• ASSIGNMENT:
Nothing in the records below should be altered in the copy, although the pictures must be left out.

__________________________________________________

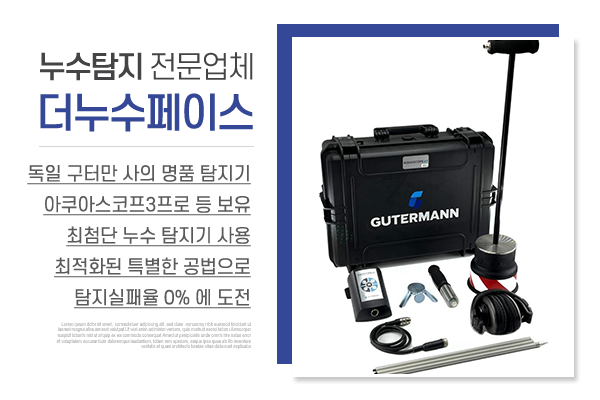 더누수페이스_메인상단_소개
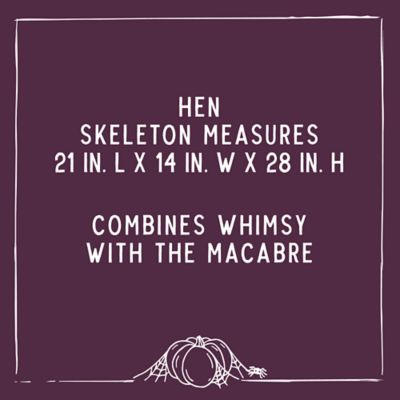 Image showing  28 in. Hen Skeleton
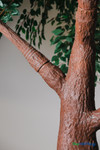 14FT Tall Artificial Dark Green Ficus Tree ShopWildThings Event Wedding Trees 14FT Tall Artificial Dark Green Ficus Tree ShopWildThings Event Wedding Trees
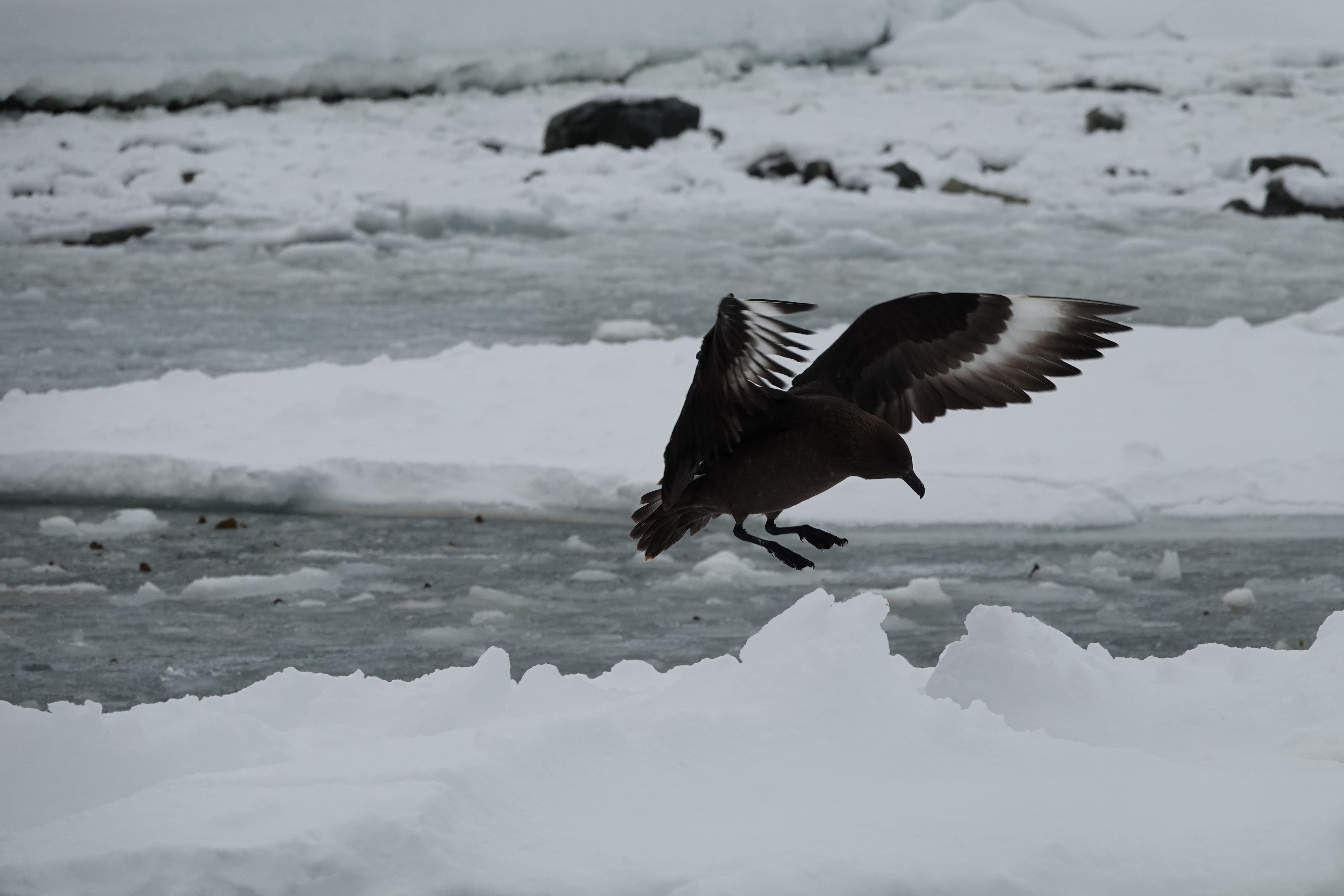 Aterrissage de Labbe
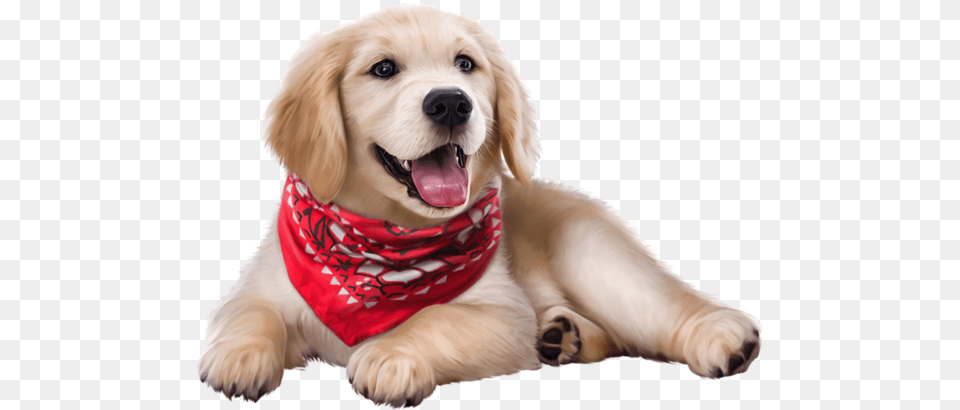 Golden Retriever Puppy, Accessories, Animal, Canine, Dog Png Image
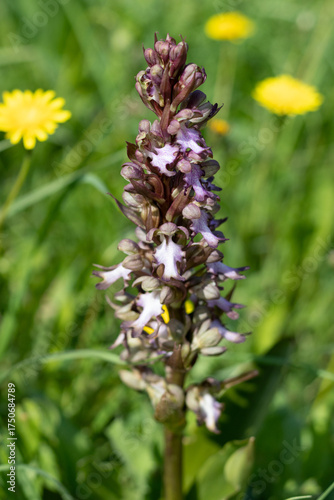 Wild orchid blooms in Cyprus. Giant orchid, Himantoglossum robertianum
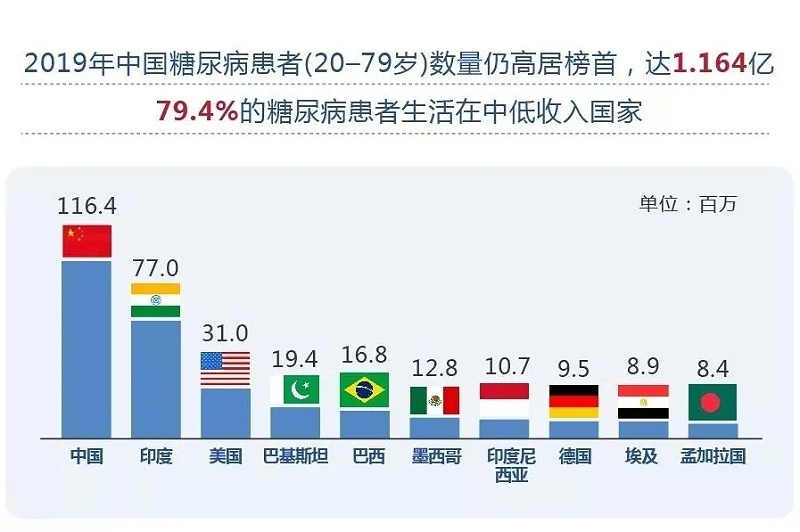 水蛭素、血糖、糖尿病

__________________________________________________

• REPLY TO THE TASK:
 더누수페이스_메인상단_소개
 Image showing  28 in. Hen Skeleton
 14FT Tall Artificial Dark Green Ficus Tree ShopWildThings Event Wedding Trees 14FT Tall Artificial Dark Green Ficus Tree ShopWildThings Event Wedding Trees
 Aterrissage de Labbe
 Golden Retriever Puppy, Accessories, Animal, Canine, Dog Png Image
 Wild orchid blooms in Cyprus. Giant orchid, Himantoglossum robertianum
 水蛭素、血糖、糖尿病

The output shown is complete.